In an extraordinary appeal at his inquiry into the ethics of the press, the judge told the Labour MP Tom Watson to remind his Westminster colleagues that the inquiry was "a once in a lifetime's chance" for parliamentarians to come forward.

Mr Watson said he has been contacted by about 12 MPs who wish to go public with complaints about their treatment but fear "ridicule and humiliation" about their private lives and political mistakes if they criticise newspapers. The Labour MP said he had encouraged his colleagues to prepare submissions to the inquiry and Lord Justice Leveson suggested they should hurry, saying: "The train isn't stopping, because it can't."

The Leveson report on the culture, practices and ethics of the press is expected to be published before the end of the year.

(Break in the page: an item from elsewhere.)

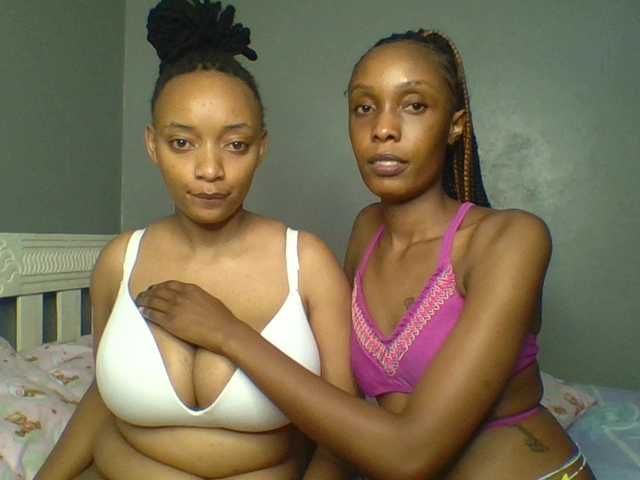 Temptingtwosome – webcam model profile photo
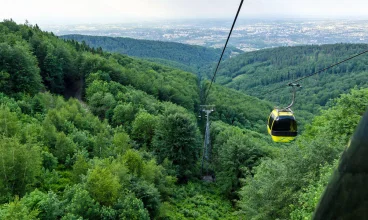 Z Bielska-Białej łatwo wyruszyć na szlak. Na Szyndzielnię jedzie kolejka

Since he stood down as a Cabinet Office minister in Gordon Brown's government in 2009 and joined the culture and media select committee, Mr Watson has been a thorn in the side of News International and the Murdoch media empire.

According to Mr Watson, Rebekah Brooks, the former chief executive of News International, in 2009 privately asked the BBC's political editor, Nick Robinson: "What am I going to do about this Tom Watson?"

At the recent launch of his book, Dial M for Murdoch, co-written with The Independent's Martin Hickman, he accused News International of planning a smear campaign against members of the DCMS select committee.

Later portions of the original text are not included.